Three months of infections....UTI and BV~relentless bacteria that antibiotics have worked to eliminate, have reared their ugly heads again or still. Really? Come on!
Something is out of whack....ph is high......bacteria is thriving .......more antibiotics. Double strength...double dose ...double trouble for a sensitive body system.
In two weeks I will have a physical, just to make sure nothing else is hiding behind the scenes. There is caution with good reason. Then I go back to the eye doctor to see if the pressure has dropped. For a person who does not like to take medication nor visit with her doctors, I am having to do both while at the same time praying, praying, praying.

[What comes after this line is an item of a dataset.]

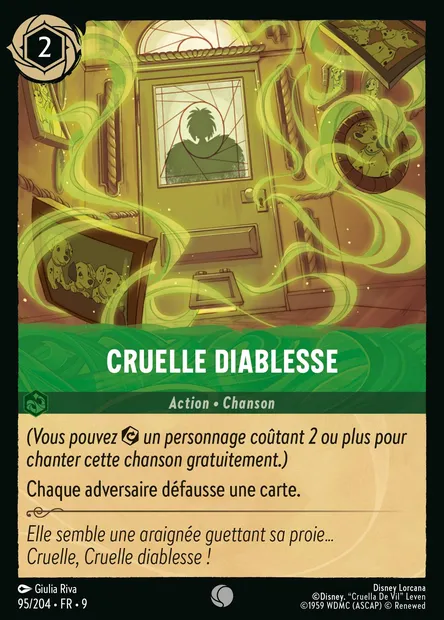 Cruelle Diablesse, carte Disney Lorcana CH9-095 — extension Fabuleux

I am so weary...but I am not alone.
A couple of days ago Joel and I went for a walk to the river. I try to do this daily. But this time, Holy Spirit spoke to Joel about walking....at 10 at night. Where we live there are no street lights. The path and road to the river is mostly dark. I am not fond of being outside at night. A safety issue. But when we hear something we obey, so off we went flashlight in hand on a moonless night. I could not see far, but was alert to sounds. I began to feel anxious, but Joel kept telling me to keep my eyes on the beam from the flashlight. As I did so, I could relax and enjoy the fresh smells, night sounds, and companionship with the preacher walking beside me.
I am weary, but Jesus is leading the way.
On the way home Jesus reminded me, "In the darkness, do not be afraid. I am with you. I am the light that will guide you through." Yes, He is our light and our salvation, of whom shall we be afraid? (Isaiah 26:1) The flashlight helped guide our steps a few at a time. Yes, Lord....... "Your Word is a lamp unto my feet and a light unto my path". (Psalm 119:105)
I am weary but there is rest for my soul.
Today has been a tough day. Family issues, communication issues with the eye doctor on the drop dosage, some reactions to the antibiotics and I am ready to retreat to old behaviors letting fear and frustration take hold. I want to eat, weep, watch TV. I feel like I am under spiritual attack and am tired of it all.
Instead of letting fear reign, I am speaking to it. Fear, I see you and I refuse to partner with you. I send you back and I release peace and God's Word into my circumstances! I am turning to Matthew 11:28-30 which God gave to me so many many times last fall. That quiet place of rest, of trusting.
"Come to me all who are weary and carrying heavy burdens
And I will give you rest. Take my yoke upon you.
Let me teach you for I am gentle and humble of heart,
and I will give you rest for your soul.
For my yoke is easy and my burden is light."
Are you weary of circumstances that do not change? Prayers that do not seem to be answered. Are you weary of stumbling in the dark? God's promises will sustain you as you walk through your own valleys of darkness. We are never alone. His Word is our guide along our journey, and on that journey we are able to move forward as He tells us, walking as children of the Light.